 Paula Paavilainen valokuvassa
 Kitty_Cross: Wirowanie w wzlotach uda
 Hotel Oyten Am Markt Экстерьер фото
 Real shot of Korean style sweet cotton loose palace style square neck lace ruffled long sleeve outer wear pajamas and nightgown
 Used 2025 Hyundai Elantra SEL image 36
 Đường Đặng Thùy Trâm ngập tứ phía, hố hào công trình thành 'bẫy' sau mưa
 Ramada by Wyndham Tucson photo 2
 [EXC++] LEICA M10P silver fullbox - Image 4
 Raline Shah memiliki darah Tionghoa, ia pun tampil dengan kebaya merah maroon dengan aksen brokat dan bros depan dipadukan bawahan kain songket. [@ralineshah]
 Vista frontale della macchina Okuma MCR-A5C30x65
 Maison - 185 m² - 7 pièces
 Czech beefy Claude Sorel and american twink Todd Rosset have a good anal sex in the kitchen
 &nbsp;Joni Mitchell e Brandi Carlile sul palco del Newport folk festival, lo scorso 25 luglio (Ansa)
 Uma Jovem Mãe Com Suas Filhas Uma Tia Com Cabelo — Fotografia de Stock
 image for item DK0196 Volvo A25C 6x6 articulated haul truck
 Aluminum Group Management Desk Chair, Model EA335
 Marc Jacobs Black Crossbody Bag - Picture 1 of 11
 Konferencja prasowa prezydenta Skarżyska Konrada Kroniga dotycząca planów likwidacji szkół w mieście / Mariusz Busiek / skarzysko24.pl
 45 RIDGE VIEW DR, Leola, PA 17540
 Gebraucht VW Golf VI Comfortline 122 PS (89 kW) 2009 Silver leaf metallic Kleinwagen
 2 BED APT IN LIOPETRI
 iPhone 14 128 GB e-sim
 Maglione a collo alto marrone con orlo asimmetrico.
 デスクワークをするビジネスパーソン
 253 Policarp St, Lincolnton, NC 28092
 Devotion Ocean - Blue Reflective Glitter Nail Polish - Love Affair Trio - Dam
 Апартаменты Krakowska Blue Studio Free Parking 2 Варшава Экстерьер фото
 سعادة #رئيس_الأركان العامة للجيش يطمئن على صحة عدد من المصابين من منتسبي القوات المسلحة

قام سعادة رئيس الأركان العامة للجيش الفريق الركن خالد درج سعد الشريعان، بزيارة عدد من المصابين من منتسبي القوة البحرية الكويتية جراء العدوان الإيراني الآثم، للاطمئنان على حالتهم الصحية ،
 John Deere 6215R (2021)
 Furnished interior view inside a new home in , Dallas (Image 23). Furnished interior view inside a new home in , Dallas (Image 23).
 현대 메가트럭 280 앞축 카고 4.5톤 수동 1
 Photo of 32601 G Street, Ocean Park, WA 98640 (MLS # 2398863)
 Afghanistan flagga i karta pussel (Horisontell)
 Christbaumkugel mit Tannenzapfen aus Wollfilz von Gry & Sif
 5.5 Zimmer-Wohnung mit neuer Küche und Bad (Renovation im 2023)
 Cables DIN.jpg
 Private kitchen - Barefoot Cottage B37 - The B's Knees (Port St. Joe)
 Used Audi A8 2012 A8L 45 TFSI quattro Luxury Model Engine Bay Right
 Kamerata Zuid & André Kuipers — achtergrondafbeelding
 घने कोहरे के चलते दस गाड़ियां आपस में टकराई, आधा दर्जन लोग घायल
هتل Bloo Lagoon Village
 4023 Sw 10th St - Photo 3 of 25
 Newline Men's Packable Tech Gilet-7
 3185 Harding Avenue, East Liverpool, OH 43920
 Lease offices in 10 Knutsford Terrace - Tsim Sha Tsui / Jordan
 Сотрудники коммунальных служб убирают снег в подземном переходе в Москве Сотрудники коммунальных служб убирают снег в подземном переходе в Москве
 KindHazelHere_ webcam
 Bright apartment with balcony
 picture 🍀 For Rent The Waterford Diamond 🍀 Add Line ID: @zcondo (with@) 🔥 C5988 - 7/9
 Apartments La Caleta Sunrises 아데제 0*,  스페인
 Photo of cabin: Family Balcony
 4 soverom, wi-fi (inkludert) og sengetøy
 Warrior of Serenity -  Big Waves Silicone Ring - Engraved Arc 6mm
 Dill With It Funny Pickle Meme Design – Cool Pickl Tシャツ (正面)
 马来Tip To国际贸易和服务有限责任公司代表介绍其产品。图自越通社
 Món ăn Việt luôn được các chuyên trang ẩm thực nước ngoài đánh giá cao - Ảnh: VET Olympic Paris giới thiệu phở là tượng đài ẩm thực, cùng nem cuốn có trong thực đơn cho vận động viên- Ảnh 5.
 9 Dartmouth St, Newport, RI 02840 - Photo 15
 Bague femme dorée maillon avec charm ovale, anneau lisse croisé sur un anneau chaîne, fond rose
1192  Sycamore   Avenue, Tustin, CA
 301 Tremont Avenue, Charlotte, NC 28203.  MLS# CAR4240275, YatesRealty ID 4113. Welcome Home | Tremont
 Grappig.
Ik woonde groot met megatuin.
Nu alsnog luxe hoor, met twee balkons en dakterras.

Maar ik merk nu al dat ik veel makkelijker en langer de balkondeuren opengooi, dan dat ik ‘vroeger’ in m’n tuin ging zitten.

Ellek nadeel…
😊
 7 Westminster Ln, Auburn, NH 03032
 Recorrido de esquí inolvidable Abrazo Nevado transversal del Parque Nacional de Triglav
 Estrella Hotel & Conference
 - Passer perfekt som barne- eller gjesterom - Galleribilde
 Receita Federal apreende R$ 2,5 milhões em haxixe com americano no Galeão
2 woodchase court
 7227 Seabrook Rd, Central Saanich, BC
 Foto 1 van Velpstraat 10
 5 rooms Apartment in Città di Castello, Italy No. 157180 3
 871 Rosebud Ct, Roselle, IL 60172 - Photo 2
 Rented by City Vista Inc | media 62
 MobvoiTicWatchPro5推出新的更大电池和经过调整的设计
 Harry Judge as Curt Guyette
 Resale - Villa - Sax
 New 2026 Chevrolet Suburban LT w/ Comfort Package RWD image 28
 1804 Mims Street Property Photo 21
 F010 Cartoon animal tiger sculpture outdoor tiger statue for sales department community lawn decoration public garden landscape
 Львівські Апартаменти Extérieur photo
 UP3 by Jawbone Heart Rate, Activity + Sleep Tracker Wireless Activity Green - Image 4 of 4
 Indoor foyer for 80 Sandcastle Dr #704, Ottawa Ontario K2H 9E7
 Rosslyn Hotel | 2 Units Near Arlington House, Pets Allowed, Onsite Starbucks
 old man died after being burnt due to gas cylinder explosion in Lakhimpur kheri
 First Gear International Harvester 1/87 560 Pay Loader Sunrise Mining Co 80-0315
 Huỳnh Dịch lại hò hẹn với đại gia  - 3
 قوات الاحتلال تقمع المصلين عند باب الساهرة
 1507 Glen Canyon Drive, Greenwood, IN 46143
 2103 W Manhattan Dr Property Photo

= Task item =
Go through the data and retype all of it exactly.

= Problem solution =
 Paula Paavilainen valokuvassa
 Kitty_Cross: Wirowanie w wzlotach uda
 Hotel Oyten Am Markt Экстерьер фото
 Real shot of Korean style sweet cotton loose palace style square neck lace ruffled long sleeve outer wear pajamas and nightgown
 Used 2025 Hyundai Elantra SEL image 36
 Đường Đặng Thùy Trâm ngập tứ phía, hố hào công trình thành 'bẫy' sau mưa
 Ramada by Wyndham Tucson photo 2
 [EXC++] LEICA M10P silver fullbox - Image 4
 Raline Shah memiliki darah Tionghoa, ia pun tampil dengan kebaya merah maroon dengan aksen brokat dan bros depan dipadukan bawahan kain songket. [@ralineshah]
 Vista frontale della macchina Okuma MCR-A5C30x65
 Maison - 185 m² - 7 pièces
 Czech beefy Claude Sorel and american twink Todd Rosset have a good anal sex in the kitchen
 &nbsp;Joni Mitchell e Brandi Carlile sul palco del Newport folk festival, lo scorso 25 luglio (Ansa)
 Uma Jovem Mãe Com Suas Filhas Uma Tia Com Cabelo — Fotografia de Stock
 image for item DK0196 Volvo A25C 6x6 articulated haul truck
 Aluminum Group Management Desk Chair, Model EA335
 Marc Jacobs Black Crossbody Bag - Picture 1 of 11
 Konferencja prasowa prezydenta Skarżyska Konrada Kroniga dotycząca planów likwidacji szkół w mieście / Mariusz Busiek / skarzysko24.pl
 45 RIDGE VIEW DR, Leola, PA 17540
 Gebraucht VW Golf VI Comfortline 122 PS (89 kW) 2009 Silver leaf metallic Kleinwagen
 2 BED APT IN LIOPETRI
 iPhone 14 128 GB e-sim
 Maglione a collo alto marrone con orlo asimmetrico.
 デスクワークをするビジネスパーソン
 253 Policarp St, Lincolnton, NC 28092
 Devotion Ocean - Blue Reflective Glitter Nail Polish - Love Affair Trio - Dam
 Апартаменты Krakowska Blue Studio Free Parking 2 Варшава Экстерьер фото
 سعادة #رئيس_الأركان العامة للجيش يطمئن على صحة عدد من المصابين من منتسبي القوات المسلحة

قام سعادة رئيس الأركان العامة للجيش الفريق الركن خالد درج سعد الشريعان، بزيارة عدد من المصابين من منتسبي القوة البحرية الكويتية جراء العدوان الإيراني الآثم، للاطمئنان على حالتهم الصحية ،
 John Deere 6215R (2021)
 Furnished interior view inside a new home in , Dallas (Image 23). Furnished interior view inside a new home in , Dallas (Image 23).
 현대 메가트럭 280 앞축 카고 4.5톤 수동 1
 Photo of 32601 G Street, Ocean Park, WA 98640 (MLS # 2398863)
 Afghanistan flagga i karta pussel (Horisontell)
 Christbaumkugel mit Tannenzapfen aus Wollfilz von Gry & Sif
 5.5 Zimmer-Wohnung mit neuer Küche und Bad (Renovation im 2023)
 Cables DIN.jpg
 Private kitchen - Barefoot Cottage B37 - The B's Knees (Port St. Joe)
 Used Audi A8 2012 A8L 45 TFSI quattro Luxury Model Engine Bay Right
 Kamerata Zuid & André Kuipers — achtergrondafbeelding
 घने कोहरे के चलते दस गाड़ियां आपस में टकराई, आधा दर्जन लोग घायल
هتل Bloo Lagoon Village
 4023 Sw 10th St - Photo 3 of 25
 Newline Men's Packable Tech Gilet-7
 3185 Harding Avenue, East Liverpool, OH 43920
 Lease offices in 10 Knutsford Terrace - Tsim Sha Tsui / Jordan
 Сотрудники коммунальных служб убирают снег в подземном переходе в Москве Сотрудники коммунальных служб убирают снег в подземном переходе в Москве
 KindHazelHere_ webcam
 Bright apartment with balcony
 picture 🍀 For Rent The Waterford Diamond 🍀 Add Line ID: @zcondo (with@) 🔥 C5988 - 7/9
 Apartments La Caleta Sunrises 아데제 0*,  스페인
 Photo of cabin: Family Balcony
 4 soverom, wi-fi (inkludert) og sengetøy
 Warrior of Serenity -  Big Waves Silicone Ring - Engraved Arc 6mm
 Dill With It Funny Pickle Meme Design – Cool Pickl Tシャツ (正面)
 马来Tip To国际贸易和服务有限责任公司代表介绍其产品。图自越通社
 Món ăn Việt luôn được các chuyên trang ẩm thực nước ngoài đánh giá cao - Ảnh: VET Olympic Paris giới thiệu phở là tượng đài ẩm thực, cùng nem cuốn có trong thực đơn cho vận động viên- Ảnh 5.
 9 Dartmouth St, Newport, RI 02840 - Photo 15
 Bague femme dorée maillon avec charm ovale, anneau lisse croisé sur un anneau chaîne, fond rose
1192  Sycamore   Avenue, Tustin, CA
 301 Tremont Avenue, Charlotte, NC 28203.  MLS# CAR4240275, YatesRealty ID 4113. Welcome Home | Tremont
 Grappig.
Ik woonde groot met megatuin.
Nu alsnog luxe hoor, met twee balkons en dakterras.

Maar ik merk nu al dat ik veel makkelijker en langer de balkondeuren opengooi, dan dat ik ‘vroeger’ in m’n tuin ging zitten.

Ellek nadeel…
😊
 7 Westminster Ln, Auburn, NH 03032
 Recorrido de esquí inolvidable Abrazo Nevado transversal del Parque Nacional de Triglav
 Estrella Hotel & Conference
 - Passer perfekt som barne- eller gjesterom - Galleribilde
 Receita Federal apreende R$ 2,5 milhões em haxixe com americano no Galeão
2 woodchase court
 7227 Seabrook Rd, Central Saanich, BC
 Foto 1 van Velpstraat 10
 5 rooms Apartment in Città di Castello, Italy No. 157180 3
 871 Rosebud Ct, Roselle, IL 60172 - Photo 2
 Rented by City Vista Inc | media 62
 MobvoiTicWatchPro5推出新的更大电池和经过调整的设计
 Harry Judge as Curt Guyette
 Resale - Villa - Sax
 New 2026 Chevrolet Suburban LT w/ Comfort Package RWD image 28
 1804 Mims Street Property Photo 21
 F010 Cartoon animal tiger sculpture outdoor tiger statue for sales department community lawn decoration public garden landscape
 Львівські Апартаменти Extérieur photo
 UP3 by Jawbone Heart Rate, Activity + Sleep Tracker Wireless Activity Green - Image 4 of 4
 Indoor foyer for 80 Sandcastle Dr #704, Ottawa Ontario K2H 9E7
 Rosslyn Hotel | 2 Units Near Arlington House, Pets Allowed, Onsite Starbucks
 old man died after being burnt due to gas cylinder explosion in Lakhimpur kheri
 First Gear International Harvester 1/87 560 Pay Loader Sunrise Mining Co 80-0315
 Huỳnh Dịch lại hò hẹn với đại gia  - 3
 قوات الاحتلال تقمع المصلين عند باب الساهرة
 1507 Glen Canyon Drive, Greenwood, IN 46143
 2103 W Manhattan Dr Property Photo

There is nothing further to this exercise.